Late January means only one thing. Yup, it is projection season again. After the postseason rumpus all those clever baseball sorts lock themselves away for a few months, tinker with their spreadsheets and databases before proffering their finest guesses/estimates as to the performance of all major league players for the coming year.
The purpose of this article is to take a bunch of high profile players whom the mainstream media will be keeping their collective beady eye on and see how said players project. Projection systems tend to follow strict mathematical rules, so we’ll see how robust the numbers appear as we throw a pinch of subjective data into the mix. At the end we’ll total up the results and try to discern any trends specific to each projection system.
Part 1 will focus on hitters; a follow-up in a couple of weeks will chew the fat on pitching.
Introducing the Contenders
I have selected three different projection systems.
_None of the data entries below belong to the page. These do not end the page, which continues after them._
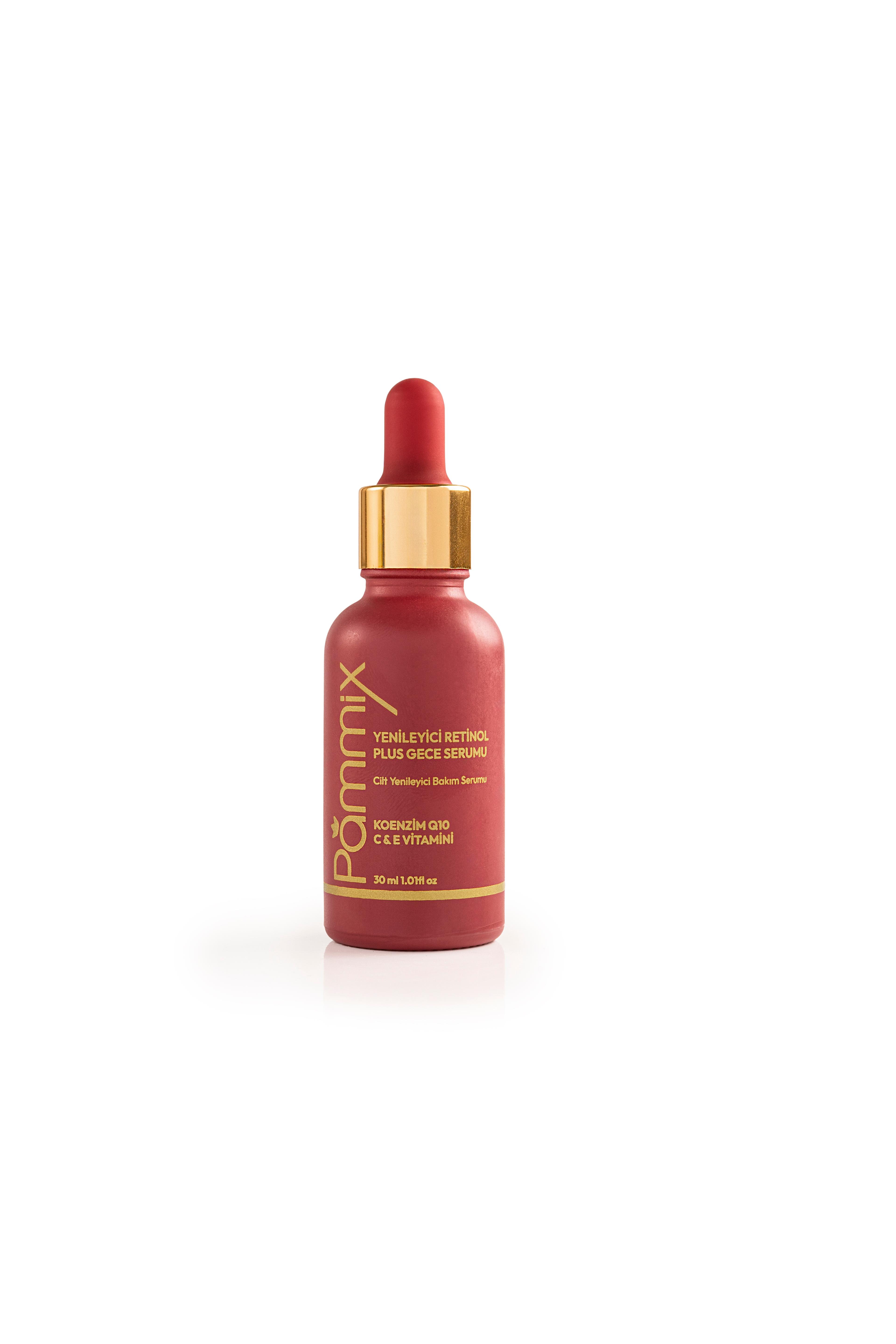 Retinol Plus Gece Serumu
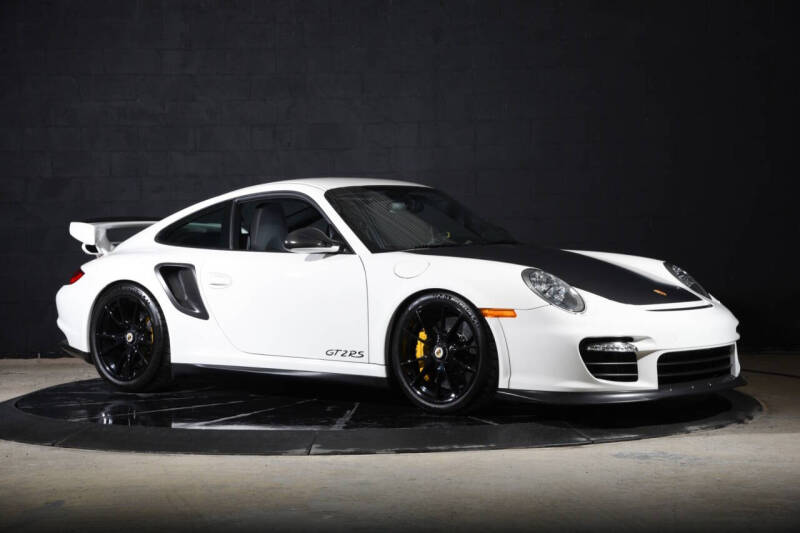 2011 Porsche 911 GT2 RS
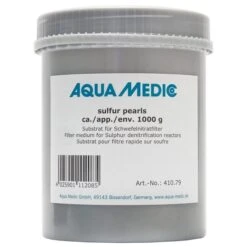 Aqua Medic Sulfur Pearls Ca. 1.000g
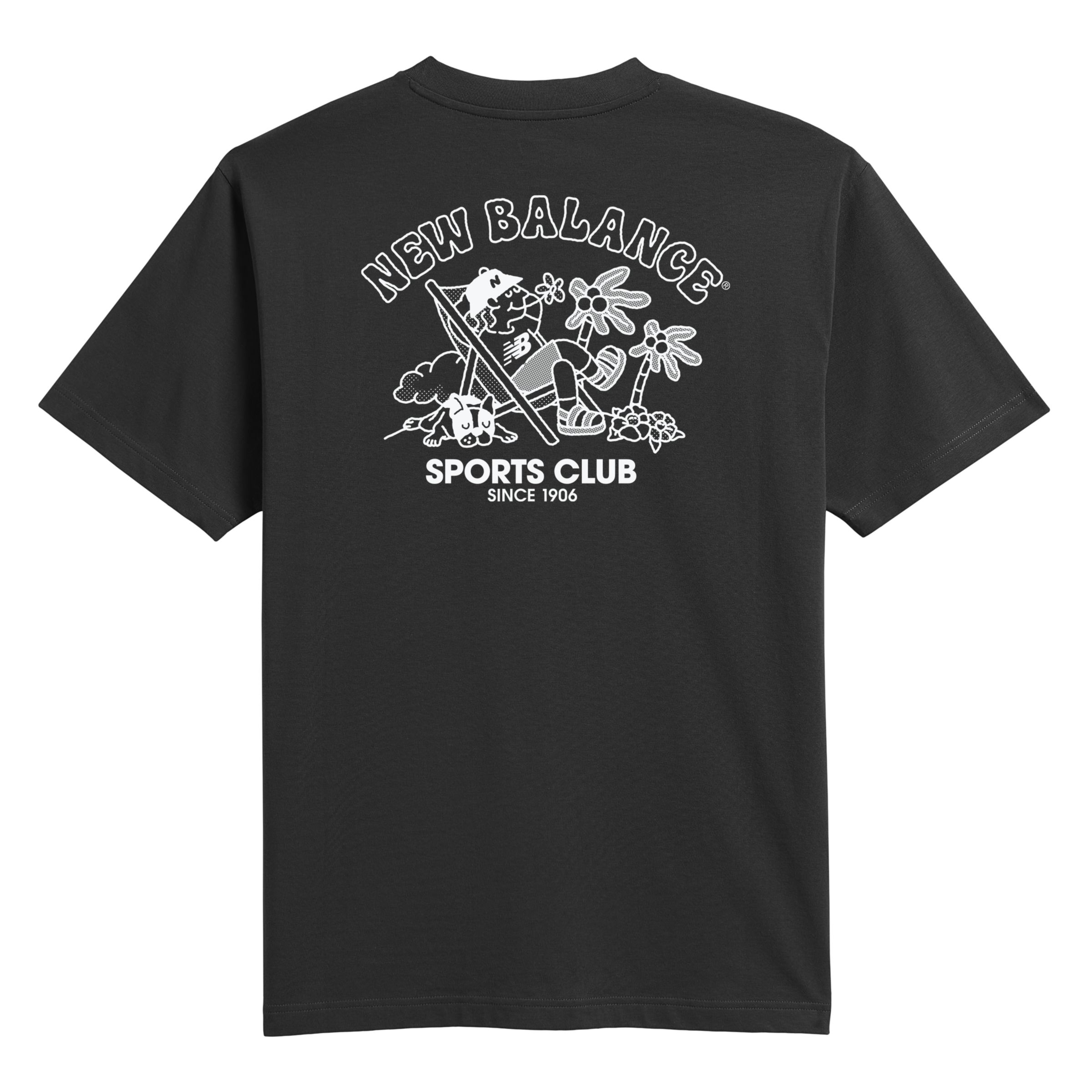 Lunar New Year Sports Club T-Shirt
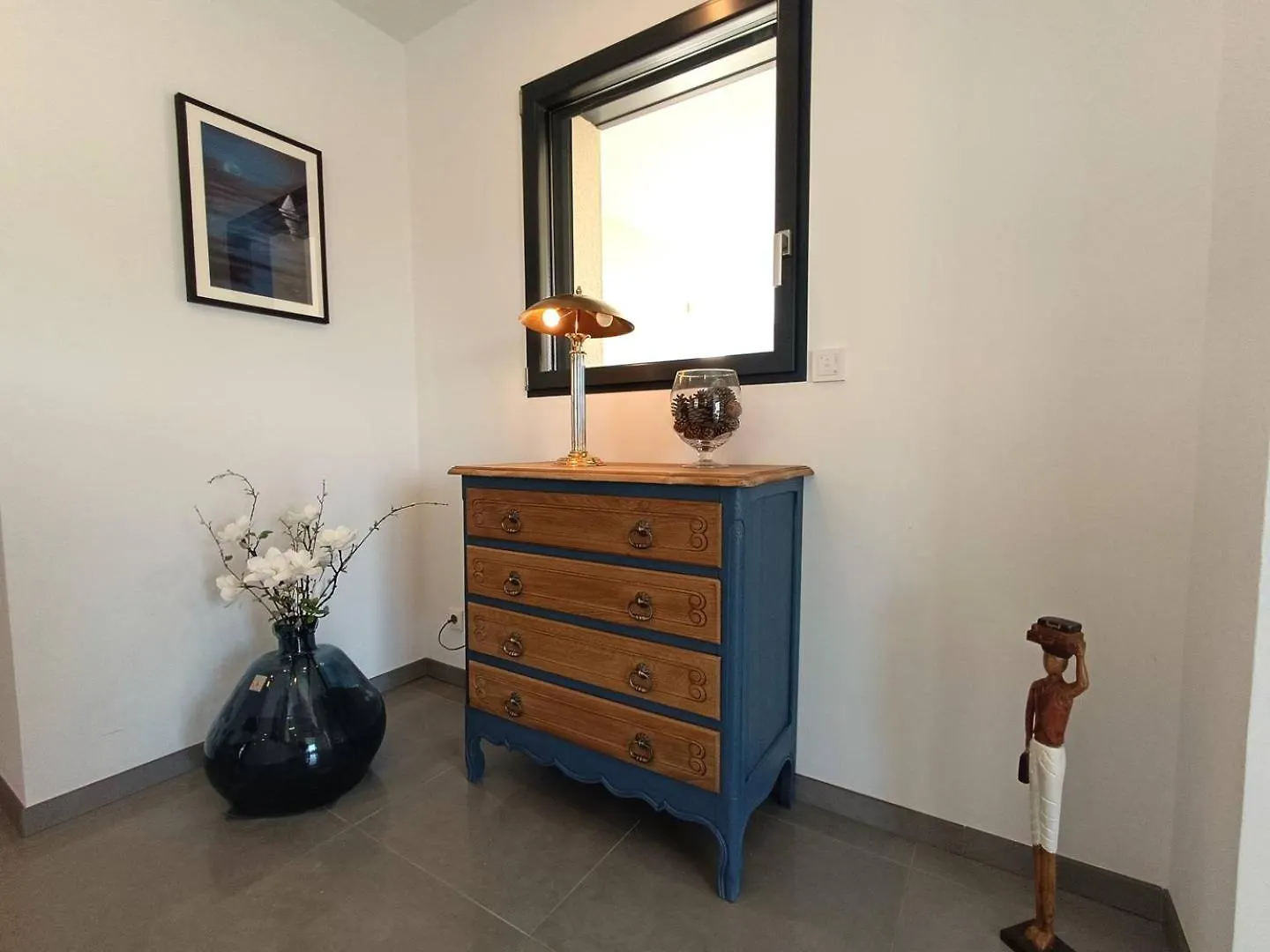 Maison neuve Vue Mer 4 étoiles avec SAUNA à 150m de la plage à PLEUMEUR-BODOU - Ref 242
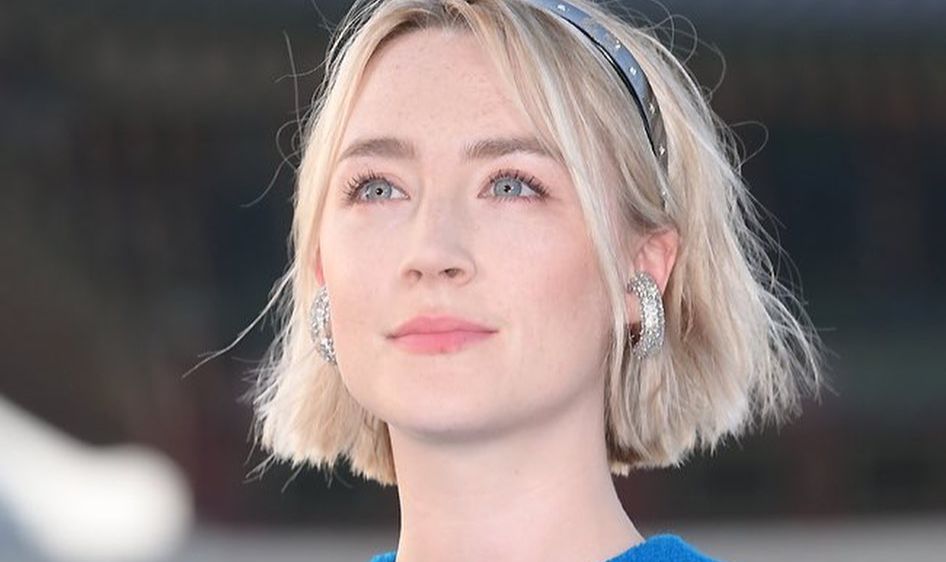 4. Saoirse Ronan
To use a boxing analogy we have a heavyweight, a welterweight and a featherweight.
In the red corner representing the heavyweight division we have Baseball Prospectus’ PECOTA. For 2006 Sean Smith, found that PECOTA had the best collective prediction performance out of all publicly available projections. The R for PECOTA versus actual performance was 0.74, a shade behind the theoretical maximum of 0.77, calculated by Tangotiger (for 500 at-bats). PECOTA uses every technique in the book to derive its numbers, but what sets it above the competition is its use of similarity scores as an added variable with which to project likely player evolution.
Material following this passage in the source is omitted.